Lowpass Prototype Coefficients

Overview

All filter implementations begin with normalized lowpass prototype coefficients gₖ. These dimensionless values represent a normalized lowpass filter with:

  • Source and load impedance = 1 Ω

  • Cutoff frequency = 1 rad/s

The prototype is then scaled and transformed to produce the desired filter response.

Coefficient Calculation

Butterworth

Maximally flat magnitude response.

Formula:

gₖ = 2 × sin(π(2k-1)/(2N))    for k = 1 to N
g₀ = 1 (source)
gₙ₊₁ = 1 (load)

Example (N=3):

g₁ = 2 × sin(π/6) = 1.0000
g₂ = 2 × sin(π/2) = 2.0000
g₃ = 2 × sin(5π/6) = 1.0000

Chebyshev

Equal-ripple in passband, steeper rolloff than Butterworth.

Formula:

β = ln(1 / tanh(Ripple_dB / 17.37))
γ = sinh(β / (2N))

aₖ = sin(π(2k-1)/(2N))
bₖ = γ² + sin²(kπ/N)

g₁ = 2a₁ / γ
gₖ = (4aₖ₋₁aₖ) / (bₖ₋₁gₖ₋₁)   for k = 2 to N

g₀ = 1 (source)
gₙ₊₁ = 1/tanh²(β/4)   if N is even
gₙ₊₁ = 1              if N is odd

Example (N=3, Ripple=0.1 dB):

g₁ ≈ 1.0316
g₂ ≈ 1.1474
g₃ ≈ 1.0316
g₄ = 1.0000

Bessel

Maximally flat group delay (linear phase). Coefficients are pre-calculated from Zverev tables.

Example (N=3):

g₁ = 0.3374
g₂ = 0.9705
g₃ = 2.2034

Gaussian

Gaussian-shaped impulse response. Coefficients are pre-calculated from Zverev tables.

Example (N=3):

g₁ = 0.2624
g₂ = 0.8167
g₃ = 2.2262

Legendre

Steepest monotonic rolloff (no passband ripple). Coefficients are pre-calculated from Zverev tables.

Example (N=3):

g₁ = 1.1737
g₂ = 1.3538
g₃ = 2.1801

Coefficient Tables (N = 2 to 10)

Pre-calculated coefficients for Bessel, Gaussian, and Legendre responses are stored in lookup tables for orders 2 through 10. For orders outside this range or for Butterworth/Chebyshev responses, coefficients are computed analytically.

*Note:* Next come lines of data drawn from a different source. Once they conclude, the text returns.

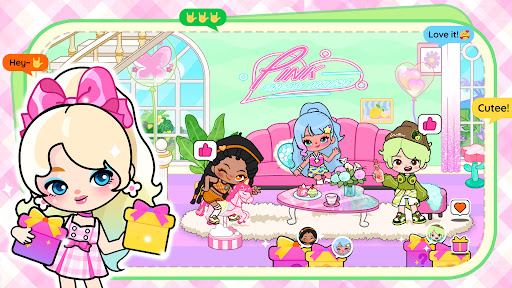 Aha World: Doll Dress-Up Game screenshot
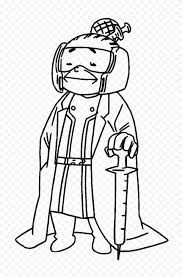 Free printable coloring pages mha. Hd My Hero Academia Chiyo Shuzenji Outline Coloring Character Png Citypng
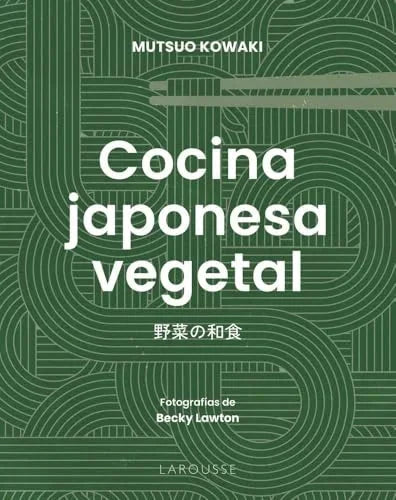 Libro COCINA JAPONESA VEGETAL de MUTSUO KOWAKI en Colombia, cocina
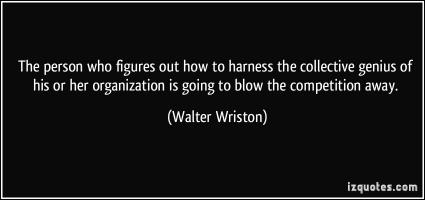 Walter Wriston's quote #1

Transformation to Physical Filters

The normalized prototype gₖ values are transformed based on the desired filter type:

Filter Type

Transformation

Lowpass

Scale by fc and Z₀

Highpass

Swap L↔C, invert gₖ, scale by fc and Z₀

Bandpass

Replace each element with resonator, scale by fc, BW, Z₀

Bandstop

Replace with dual resonator, scale by fc, BW, Z₀

See individual filter documentation for specific transformation equations.

Zverev Tables vs. Computed Coefficients

The tool supports two coefficient sources:

Standard (Computed)

  • Butterworth and Chebyshev computed from formulas

  • Bessel, Gaussian, Legendre from pre-calculated tables

  • Load impedance: g₀ = gₙ₊₁ = 1 Ω

Zverev Tables

  • All responses use pre-calculated values

  • Load impedance: May differ from source (gₙ₊₁ ≠ 1)

  • Historically used for hand calculations

The “Use Zverev Tables” option affects load impedance handling in the final design.

Ripple Correction (Chebyshev Only)

For Chebyshev filters, the cutoff frequency can be adjusted so that fc corresponds to the -3 dB point rather than the ripple edge:

Lowpass/Highpass correction:

ε = √(10^(Ripple_dB/10) - 1)
fc_corrected = fc × cosh(acosh(1/ε) / N)

This is automatically applied when “Use Zverev Tables” is disabled.

References

[1] Matthaei, G. L., Young, L., & Jones, E. M. T. (1964). Microwave Filters, Impedance-Matching Networks, and Coupling Structures. Artech House.

[2] Zverev, A. I. (1967). Handbook of Filter Synthesis. Wiley.